There are many techniques that fall within the practice of massage therapy. These include, but are not limited to techniques and modalities used in practices described as, "Swedish massage," "medical massage," "Thai massage," "shiatsu," "connective tissue massage," "amma," "neuromuscular massage," "tui na," "reflexology," "acupressure," "polarity therapy," "craniosacral massage," "manual lymphatic drainage," and other types of bodywork or massage provided that they are within the scope of practice of massage therapy as defined in Section 7805 of the Education Law. Such techniques may be listed on letterhead and business cards, but the term "licensed" should not precede them, e.g., "licensed shiatsu practitioner." In advertising, a massage therapist may say "licensed massage therapist" and then list areas or techniques of practice.
37. Do persons who practice Reiki, the Alexander Technique, or the Feldenkrais Method require a license as a massage therapist?
No. But if persons practicing these techniques claim that they are diagnosing or treating any human pain, disease, disorder or physical condition, they must be licensed in a profession that is authorized to diagnose or to provide treatment.
joshuatenpenny wrote:Something I heard talk of recently that I sincerely hope does not happen is using the NCCAOM Asian Bodywork test as the requirement for practicing Asian Bodywork. Someone mentioned that New Hampshire looks like it might be going that way. Blegh. Thankfully, my massage license is almost sure to cover all of what I do, but I really don't approve of this.

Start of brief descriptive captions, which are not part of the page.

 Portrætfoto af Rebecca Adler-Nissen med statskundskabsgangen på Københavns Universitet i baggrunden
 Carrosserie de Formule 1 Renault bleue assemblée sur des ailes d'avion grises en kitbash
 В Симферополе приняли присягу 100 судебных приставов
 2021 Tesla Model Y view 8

First off, the test is $700. (NCCAOM exam handbook, pg 20) Absolutely ridiculous. For massage therapists, the NCBTMB is $225.

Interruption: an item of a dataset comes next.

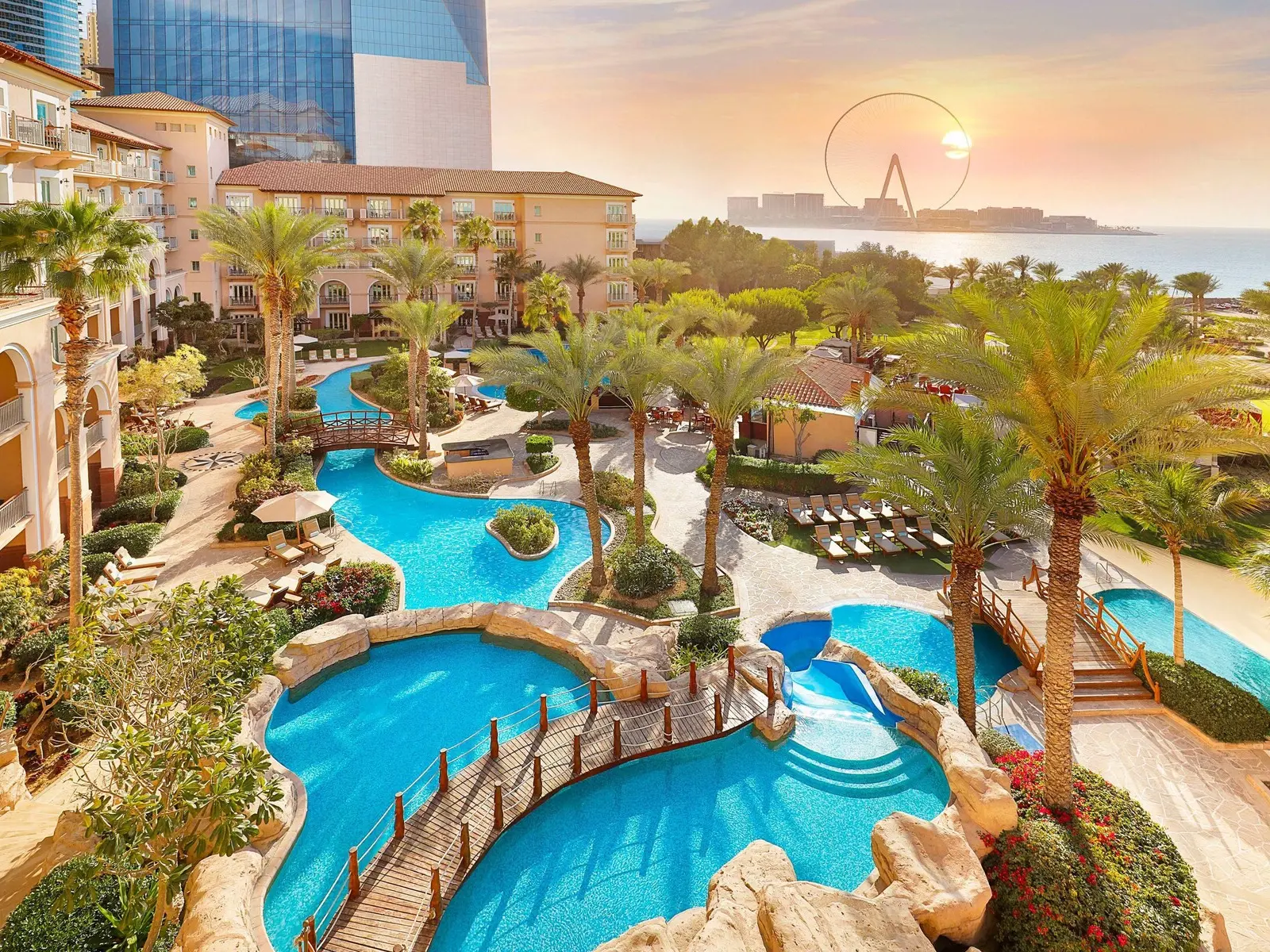 A Weekend on the Dubai Shore.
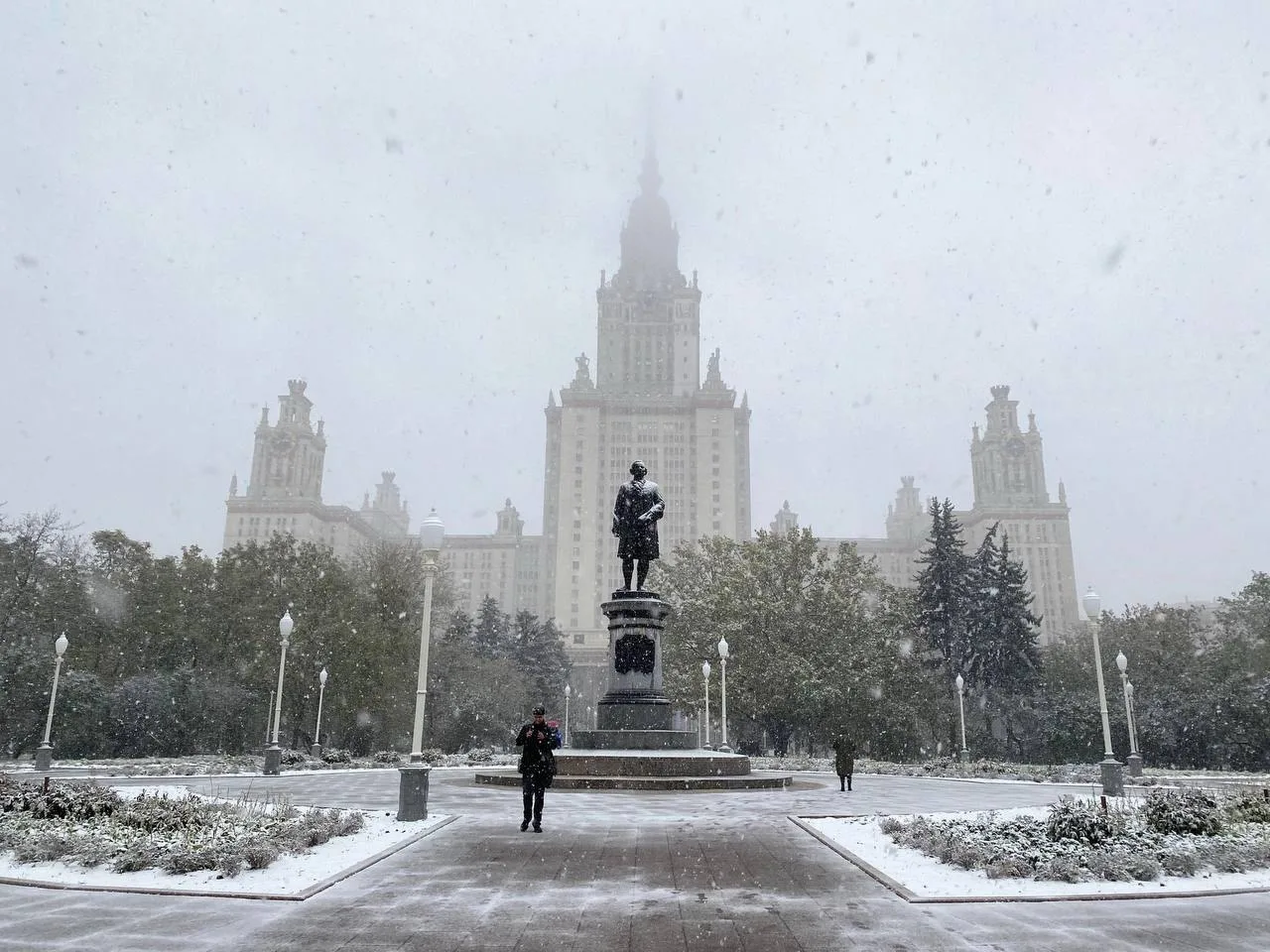 ☃️ Россиян предупредили о тёплой и даже бесснежной зиме, — климатолог.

Secondly, it claims to be for all practitioners of Asian bodywork, but the NCCAOM is primarily an acupuncture group and the exam is focused specifically on TCM-style assessment and treatment methods. If you don't practice TCM-style acupressure, the bulk of the test is irrelevant. I *did* study TCM-style acupressure, and I was warned by my school that is I wanted to take the NCCAOM exam, I would have to also study a fair amount of Zen Shiatsu and a great deal of Five Elements treatment principles. For someone who practices Tui-Na, Amma, Thai bodywork, Jin Shin Do acupressure, or anything besides TCM-style acupressure, the NCCAOM test is almost as inappropriate as the NCBTMB.
VII. “Practitioner” means a person who practices touch therapies for compensation. These practitioners include:
(a) Reflexologists who hold current certification from the American Reflexology Certification Board; or
(b) Structural integrators who hold current certification from the International Association of Structural Integrators or the Rolf Institute; or
(c) Asian bodywork therapists who hold current certification as a diplomate in Asian bodywork therapy from the National Certification Commission for Acupuncture and Oriental Medicine (NCCAOM); or
(d) Any of the above practitioners who hold current certification from an entity approved by the commissioner.